• **Task**:
Drop the images. Copy every line below character for character.

• **Stored entries**:
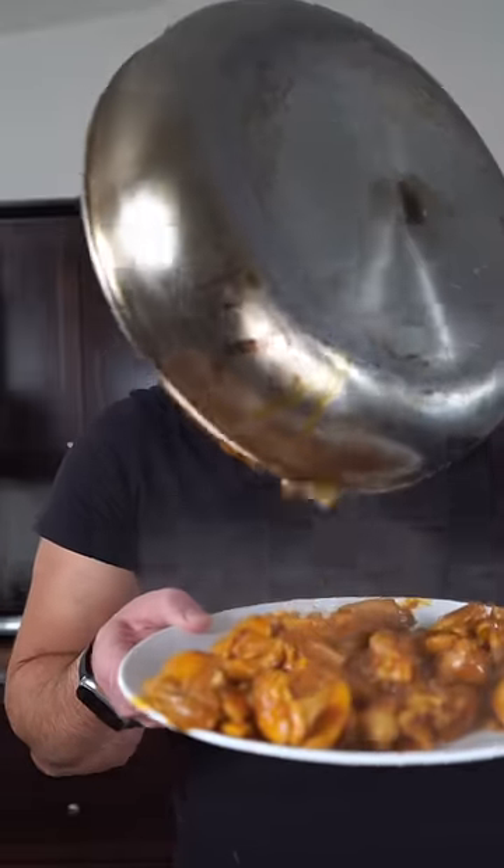Now in a hot pan, we're gonna introduce a healthy amount of ghee. Time to drop in all your chicken, then remove after cooking about 80% through.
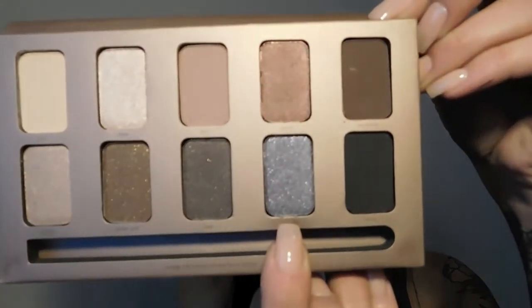Now I'm going to go in and use 'Night Sky' just to give my eye a touch more pop. Now that we're done with the top of our eye, we're going to move down to our waterline, take out our Stila waterproof eyeliner, and line the inside of our waterline to create a nice smoky eye.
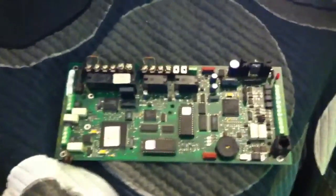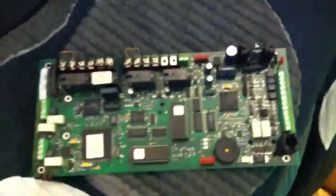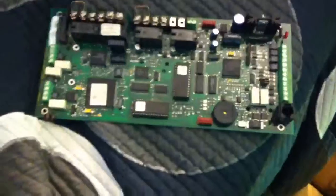So when that happens, I'm going to assemble it, and then I'm going to test it and put a video on YouTube showing it.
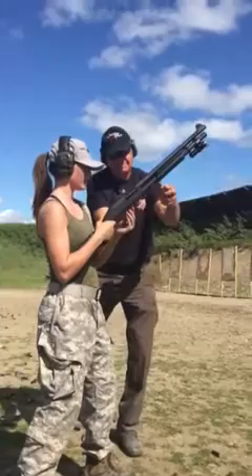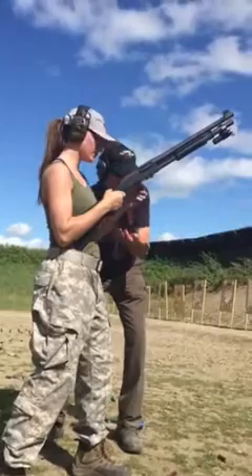Get a couple shots. More buckshot. More buckshot. Yeah, feel it more too. I think he's taking pictures.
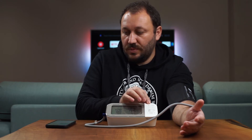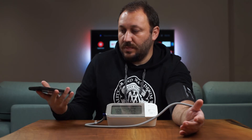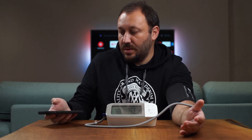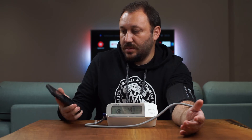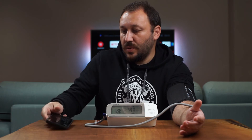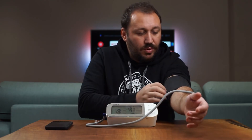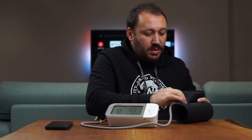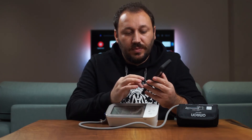I press the Bluetooth button on the device and it reads the numbers right away. They come straight into the Apple Health application automatically — which is great because otherwise you'd have to enter them manually. Omron has made this really seamless.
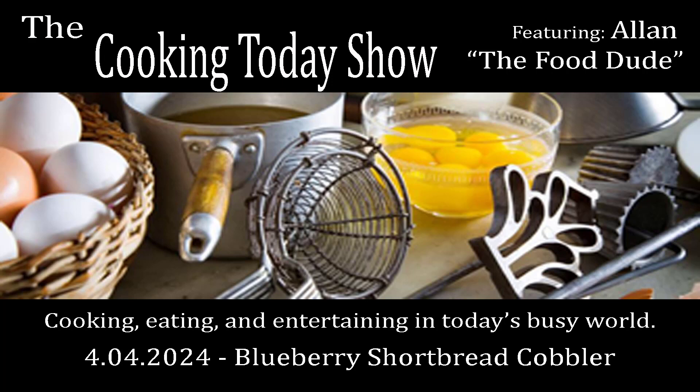Alan the Food Dude — good social food here. You can find his recipes at CookingTodayShow.com. He even has a show called 'Cooking in a Tiny Kitchen' that came from the international market. Thanks, Alan!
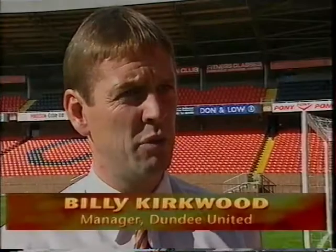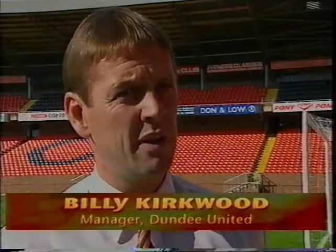Credit to Motherwell. They came back, put us under pressure, got the goal, and possibly got the draw they didn't deserve. But we're looking for the three points, especially being at home. But it gives us a good idea of what the Premier League is all about after coming up from the first division. And I feel that we justified getting the promotion and we put on a good show.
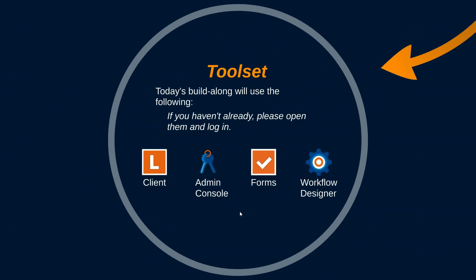Let's look at what we're going to use today — this was sent out in the pre-requirements for the webinar. We're going to use the Laserfiche client — I'll use the web client, but you can use the thick client if you prefer. We're going to use the Laserfiche admin console for some template work, the Laserfiche forms application, and the workflow designer. Please open them and log in at this time.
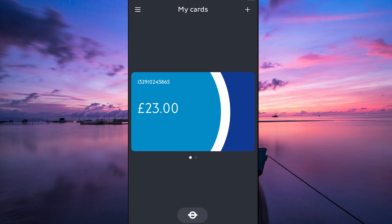Hello guys, welcome to my channel. In this video, I'm going to show you how to add an Oyster Card to Apple Wallet in the UK.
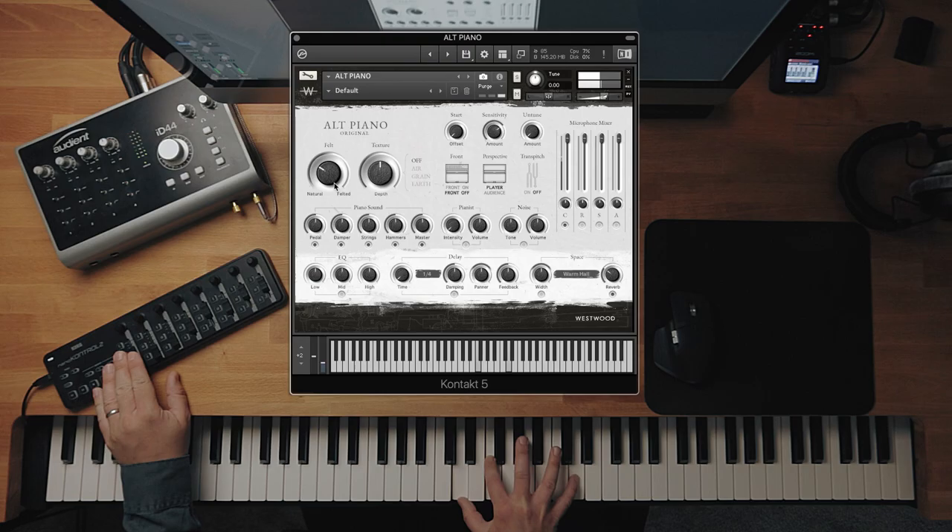This is mapped to the mod wheel, so as you've heard on our demo track, you can blend between these two as you're playing if you want to. You can use that for an effect, or you can just use it to set it and play the piano that way. For me, it's an absolutely brilliant control to change the tone of the piano without EQ or anything else — you can't achieve that anywhere else apart from using that control.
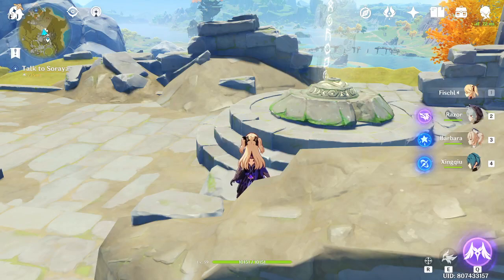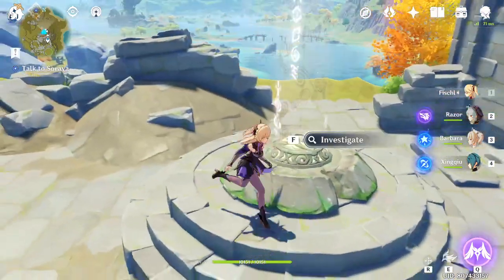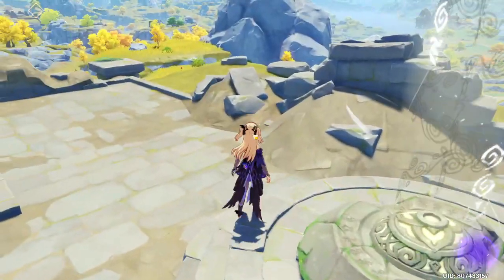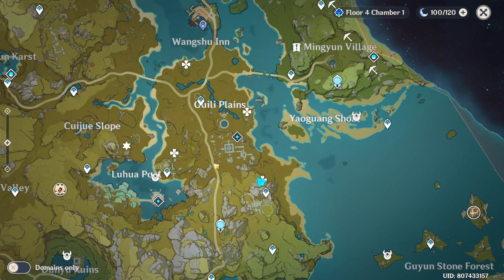Alright guys, this is gonna be a short video telling you where to find the jade plates. I've marked them on the map with a four-leaf overmark — this one, this one, and this one.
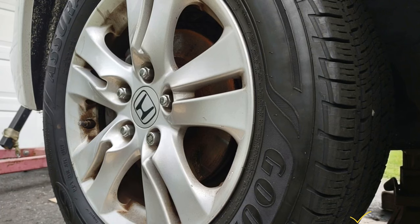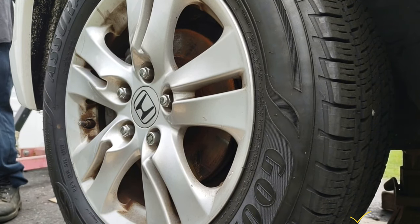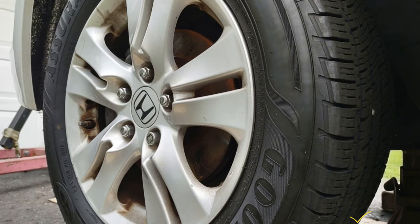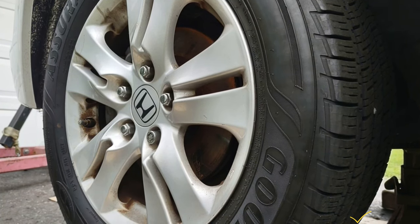This is a 2008 Honda Accord, same for 2012. This is going to be a driver side axle replacement. This has the 2.4 liter 4-cylinder automatic transmission.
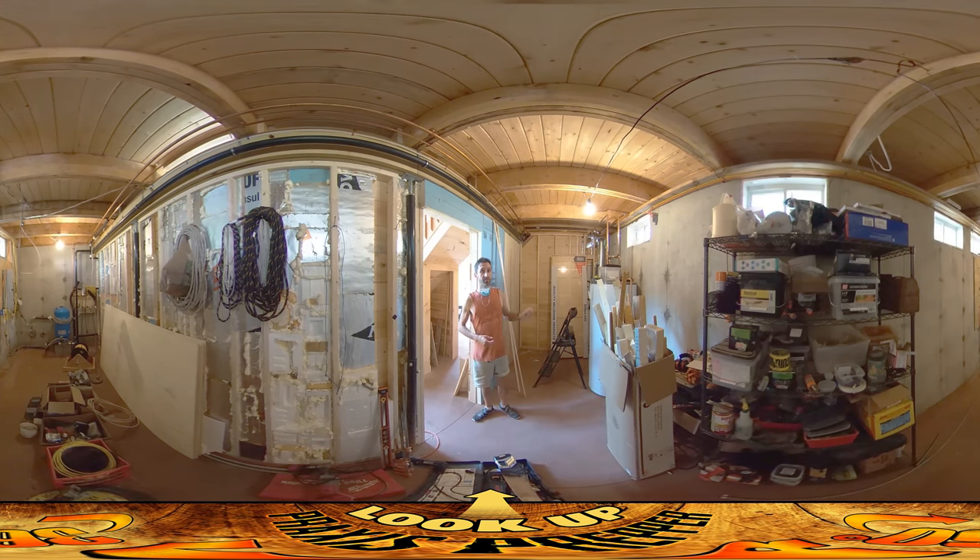One of the things that's missing is the air exchange unit. It's going to get mounted up on that blank wall — it doesn't have any foam on it yet — and we're going to need to run electricity to it as part of the rough electrical. The unit I'm going to be using is right here; it's a Panasonic FV-10VE1. It's a pretty efficient unit and doesn't use very much electricity, so I'm kind of looking forward to installing it.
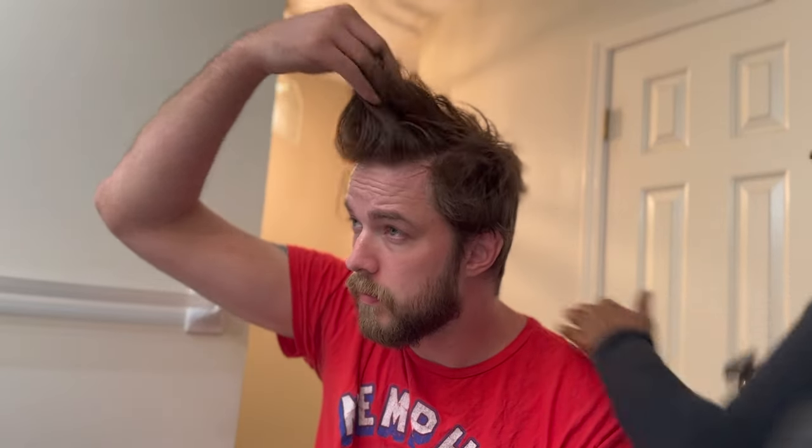The YouTube tutorial says to start with a number four guard. Start from the nape of the neck and work your way up to the occipital bone — the line where the head begins to curve — using a scooping motion to pull the clippers away. Justin reacts: 'Don't you look terrible.' She's like, 'This is the occipital — I'm going to do a little spot and we'll see what we look like.'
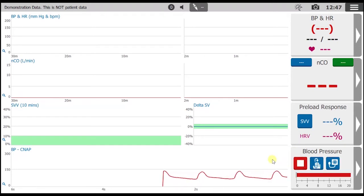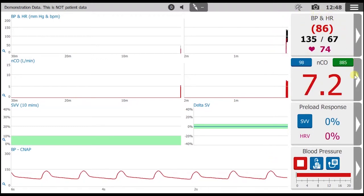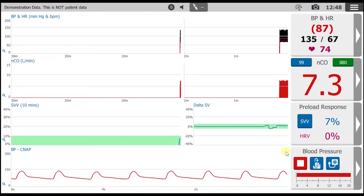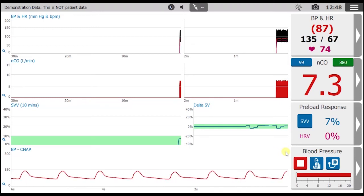Through the magic of an internal simulator, numerics are immediately presented. The actual signal acquisition process usually takes only about 90 seconds, and you can watch it happen live, but that's a different video.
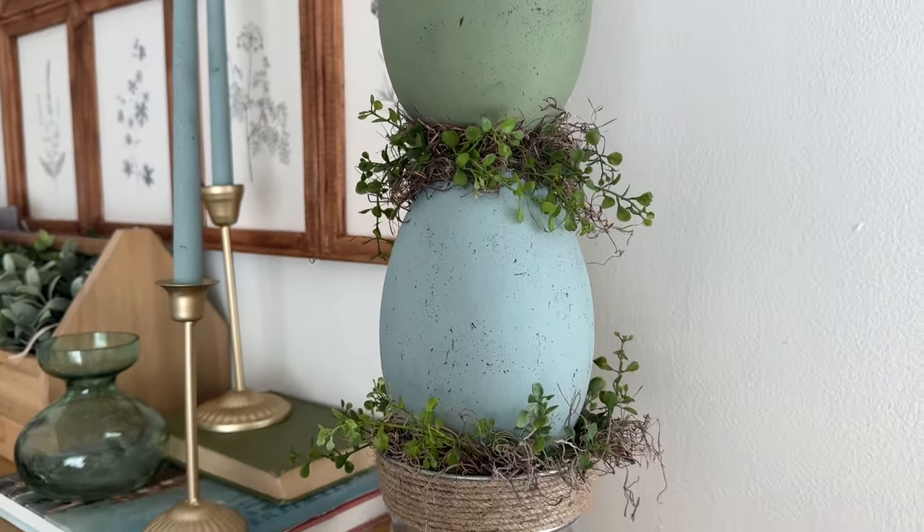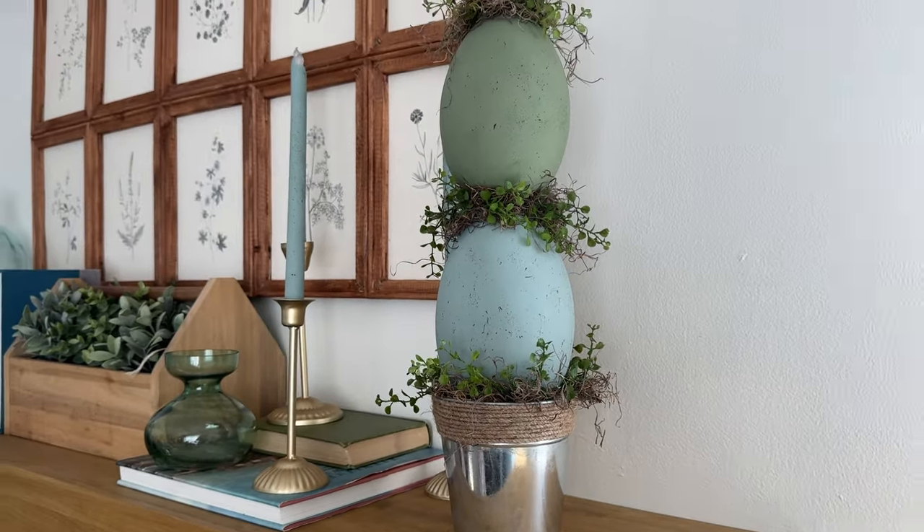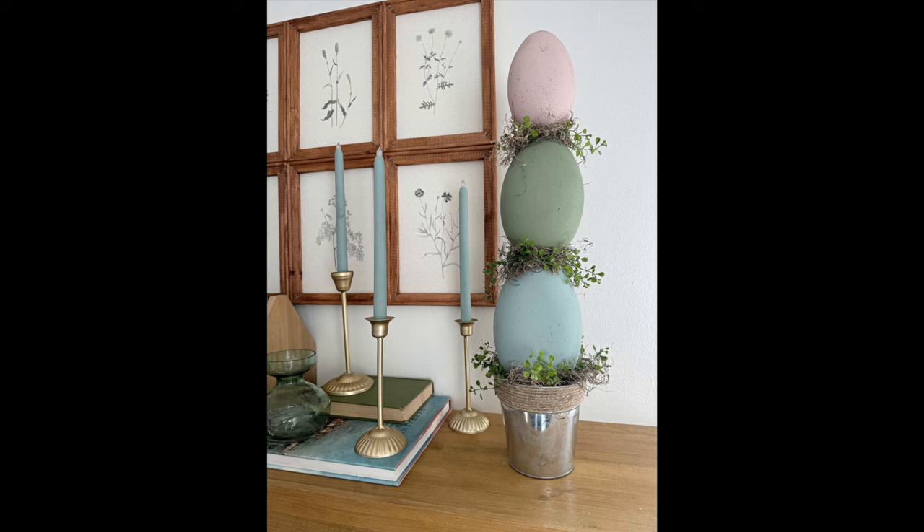And that's it — here's my finished Easter egg topiary! It would be fun to make a pair of these to bookend a living room or mantle. Either way, it's a fun little craft for Easter. I hope you enjoyed watching this craft come together — until next time, happy making!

• **Response**:
Now in a hot pan, we're gonna introduce a healthy amount of ghee. Time to drop in all your chicken, then remove after cooking about 80% through.
Now I'm going to go in and use 'Night Sky' just to give my eye a touch more pop. Now that we're done with the top of our eye, we're going to move down to our waterline, take out our Stila waterproof eyeliner, and line the inside of our waterline to create a nice smoky eye.
So when that happens, I'm going to assemble it, and then I'm going to test it and put a video on YouTube showing it.
Get a couple shots. More buckshot. More buckshot. Yeah, feel it more too. I think he's taking pictures.
I press the Bluetooth button on the device and it reads the numbers right away. They come straight into the Apple Health application automatically — which is great because otherwise you'd have to enter them manually. Omron has made this really seamless.
Alan the Food Dude — good social food here. You can find his recipes at CookingTodayShow.com. He even has a show called 'Cooking in a Tiny Kitchen' that came from the international market. Thanks, Alan!
Credit to Motherwell. They came back, put us under pressure, got the goal, and possibly got the draw they didn't deserve. But we're looking for the three points, especially being at home. But it gives us a good idea of what the Premier League is all about after coming up from the first division. And I feel that we justified getting the promotion and we put on a good show.
Let's look at what we're going to use today — this was sent out in the pre-requirements for the webinar. We're going to use the Laserfiche client — I'll use the web client, but you can use the thick client if you prefer. We're going to use the Laserfiche admin console for some template work, the Laserfiche forms application, and the workflow designer. Please open them and log in at this time.
Hello guys, welcome to my channel. In this video, I'm going to show you how to add an Oyster Card to Apple Wallet in the UK.
This is mapped to the mod wheel, so as you've heard on our demo track, you can blend between these two as you're playing if you want to. You can use that for an effect, or you can just use it to set it and play the piano that way. For me, it's an absolutely brilliant control to change the tone of the piano without EQ or anything else — you can't achieve that anywhere else apart from using that control.
Alright guys, this is gonna be a short video telling you where to find the jade plates. I've marked them on the map with a four-leaf overmark — this one, this one, and this one.
This is a 2008 Honda Accord, same for 2012. This is going to be a driver side axle replacement. This has the 2.4 liter 4-cylinder automatic transmission.
One of the things that's missing is the air exchange unit. It's going to get mounted up on that blank wall — it doesn't have any foam on it yet — and we're going to need to run electricity to it as part of the rough electrical. The unit I'm going to be using is right here; it's a Panasonic FV-10VE1. It's a pretty efficient unit and doesn't use very much electricity, so I'm kind of looking forward to installing it.
The YouTube tutorial says to start with a number four guard. Start from the nape of the neck and work your way up to the occipital bone — the line where the head begins to curve — using a scooping motion to pull the clippers away. Justin reacts: 'Don't you look terrible.' She's like, 'This is the occipital — I'm going to do a little spot and we'll see what we look like.'
Through the magic of an internal simulator, numerics are immediately presented. The actual signal acquisition process usually takes only about 90 seconds, and you can watch it happen live, but that's a different video.
And that's it — here's my finished Easter egg topiary! It would be fun to make a pair of these to bookend a living room or mantle. Either way, it's a fun little craft for Easter. I hope you enjoyed watching this craft come together — until next time, happy making!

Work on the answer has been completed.